Rotation span: Images of arrows with different orientations are presented to the participant’s one at a time and asked to recall the orientation of each arrow in the correct order. In between each to-be-remembered arrow they are presented with a letter (e.g. F, R) and asked whether it is a normal or a mirror representation of the letter. The participant may have to rotate the letter mentally before they can decide whether it is a mirror or a normal representation.


The n-back task requires the participants to respond by key pressing whether the current stimulus matches the stimulus presented n-back in the sequence. Although the n-back and the complex span tasks are considered to be WM tasks, they do not share much variance [11]. The simple span tasks appear to involve the two storage systems [2,3] described in Baddeley’s WM model, whereas the n-back task appears to target the CE component of WM (monitoring, updating, and information manipulation).

Domain: Spatial vs. Verbal WM and ADHD

The functional neuroanatomy of WM has been the source of controversy for the past few decades. Two theoretical models have been proposed. One holds that WM processing within the frontal cortex is modality-specific [12] and the other model suggests a domain-general WM processing in the frontal cortex [13,14].

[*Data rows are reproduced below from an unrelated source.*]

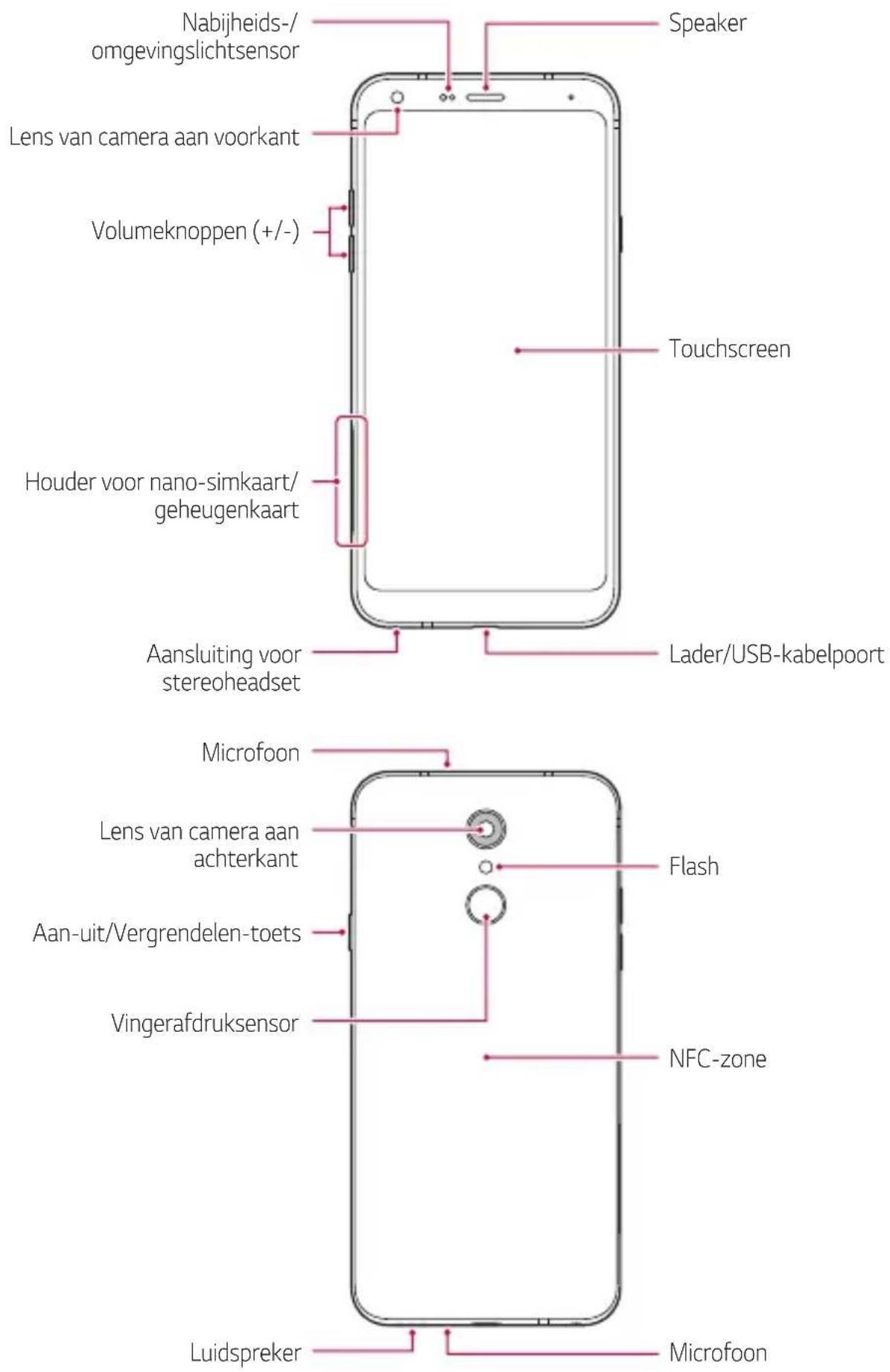 LG LMQ610EM - Overzicht van onderdelen - 1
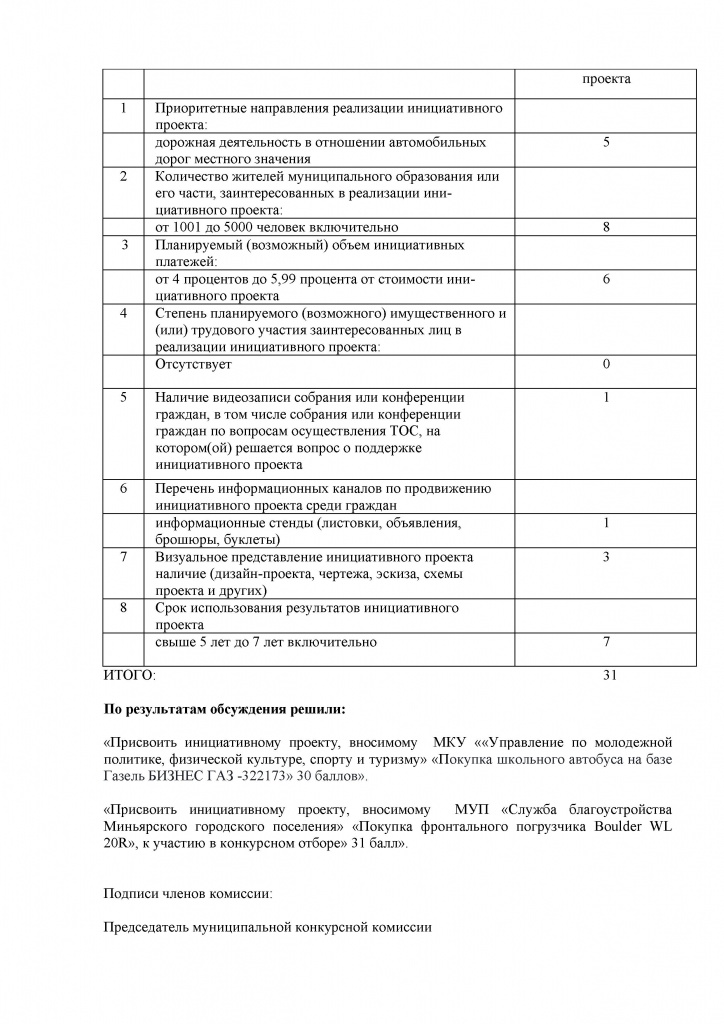 Протокол - 0004.jpg Протокол - 0004.jpg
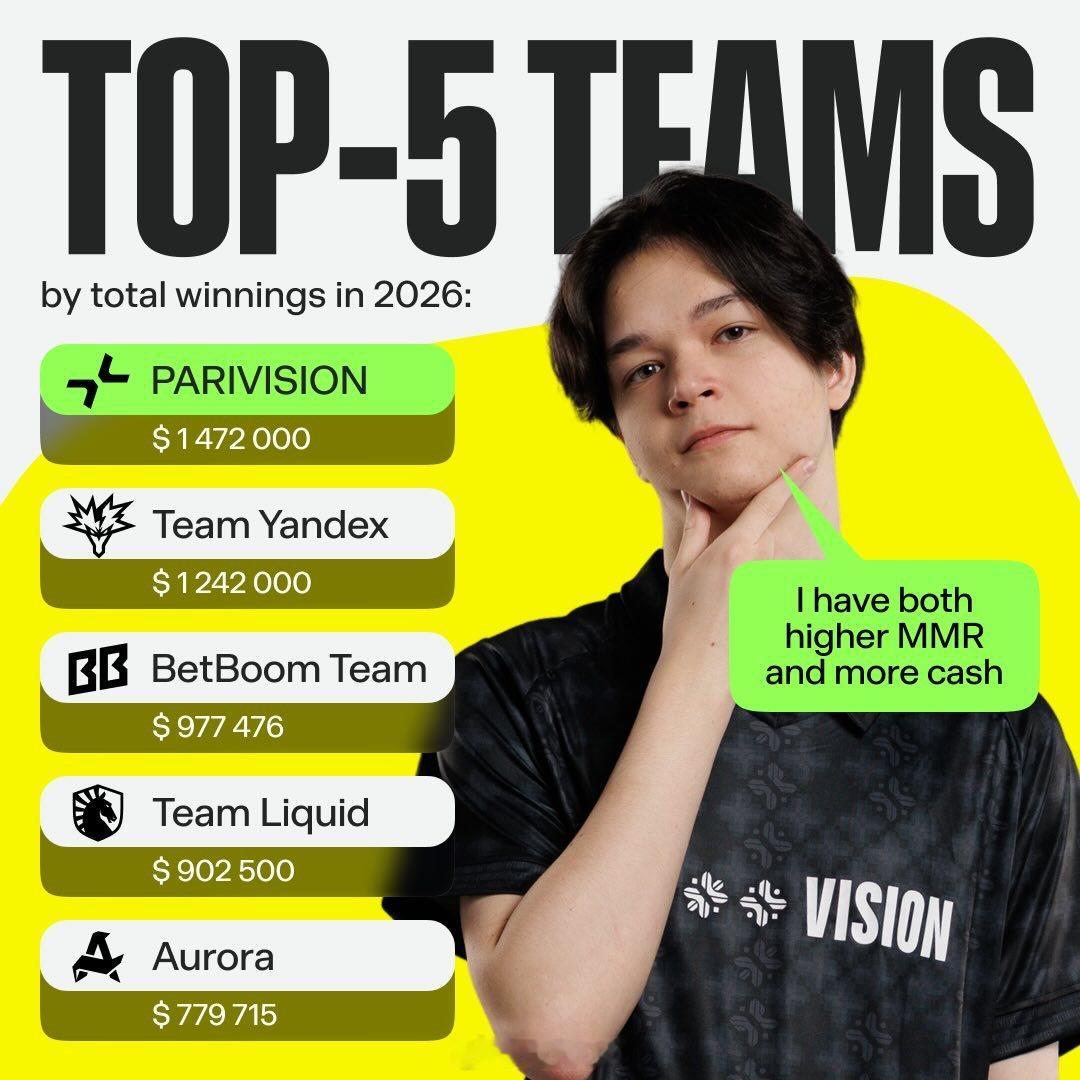 Parivision是今年拿奖金最多的战队dota2电子竞技DOTA2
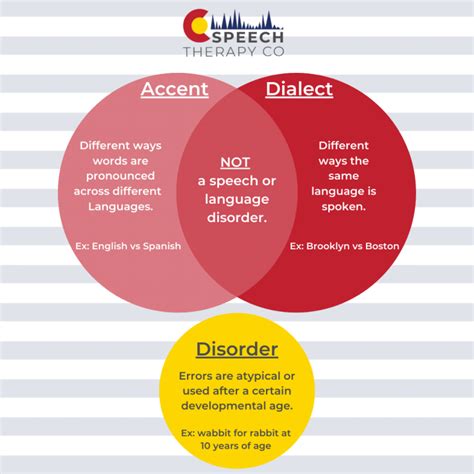 Accents And Dialects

In the first model, two sets of observations have been reported. One has proposed a left/right organization within the prefrontal cortex, with the left hemisphere associated with verbal and the right hemisphere associated with non-verbal processing [15,16]. The other set of observations argue that the dorsal prefrontal cortex (PFC) activates the parietal “where” stream for maintenance of spatial information and the ventral PFC activates the temporal “what” stream for maintenance of verbal processing [17]. The neuropsychological [4], neuroanatomical [16], and factor analytic [5] evidence support the independent functioning of the two subsystems in Baddley’s model. According to the second model, although WM processing within the prefrontal cortex is domain-general, pre-processing of the stimuli may be domain-specific and selectively involve the ventral (nonspatial) or the dorsal (spatial information) streams in the occipital and posterior parietal cortex [13].

Taken together, working memory has been defined in various ways and measured using diverse tasks that may not be targeting the same aspect of WM. This heterogeneity may be contributing to inconsistency of reports in the literature including those in the intervention literature [18]. Efforts to unify our understanding of WM and measures best suited to capture WM would help alleviate controversies and heterogeneity currently present in this literature.